Après des mois de recherche, le résultat est publié aux éditions La Croisée des chemins : Ainsi disait Nadir Yata. Un ouvrage qui regroupe plus de deux cents articles, chroniques et billets humoristiques signés par son père. “Il m’est apparu comme une évidence que les écrits de ce journaliste en particulier ne pouvaient pas sombrer dans l’oubli. Leur poids à l’époque où il les écrivait et l’importance qu’ils revêtent encore aujourd’hui (…) m’exhortaient de ne pas les laisser disparaître”, écrit-elle.

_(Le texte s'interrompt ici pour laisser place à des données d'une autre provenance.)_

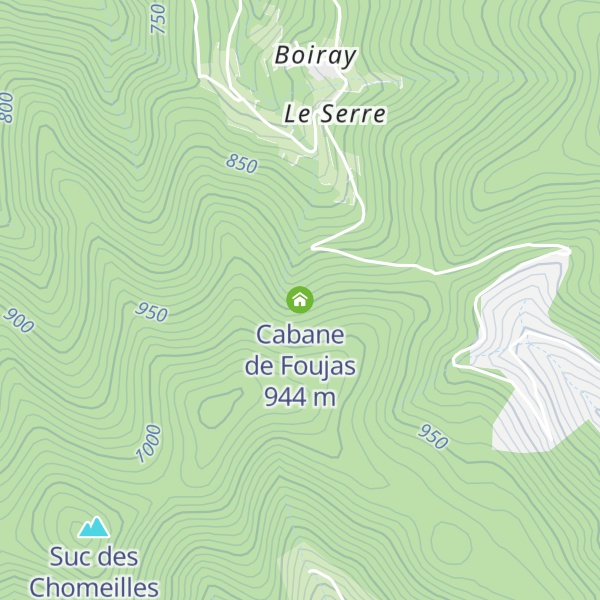 Map of Cabane de Foujas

Chute du bloc soviétique, guerre du Golfe, démocratie au Maroc… autant de sujets commentés par l’auteur de la rubrique Mais, dit l’autre, dans des textes qui semblent dresser une sorte d’instantané du royaume et du monde dans les années 1990.

Certaines thématiques abordées dans les pages du quotidien partisan Al Bayane, affilié au Parti du progrès et du socialisme (PPS) dont il était membre du bureau politique depuis 1989, résonnent encore aujourd’hui, plus de 25 ans après son décès.

Comme l’égalité hommes-femmes ou encore l’état de la gauche. “Il était un précurseur, témoigne le secrétaire général du PPS, Nabil Benabdallah. Il savait dire les choses, il savait écrire les choses”. Et d’ajouter : “Il a marqué son époque et il est parti trop tôt. Il me manque terriblement, parce que je sais qu’il aurait apporté une fraîcheur, une pertinence et une profondeur à l’action du parti”.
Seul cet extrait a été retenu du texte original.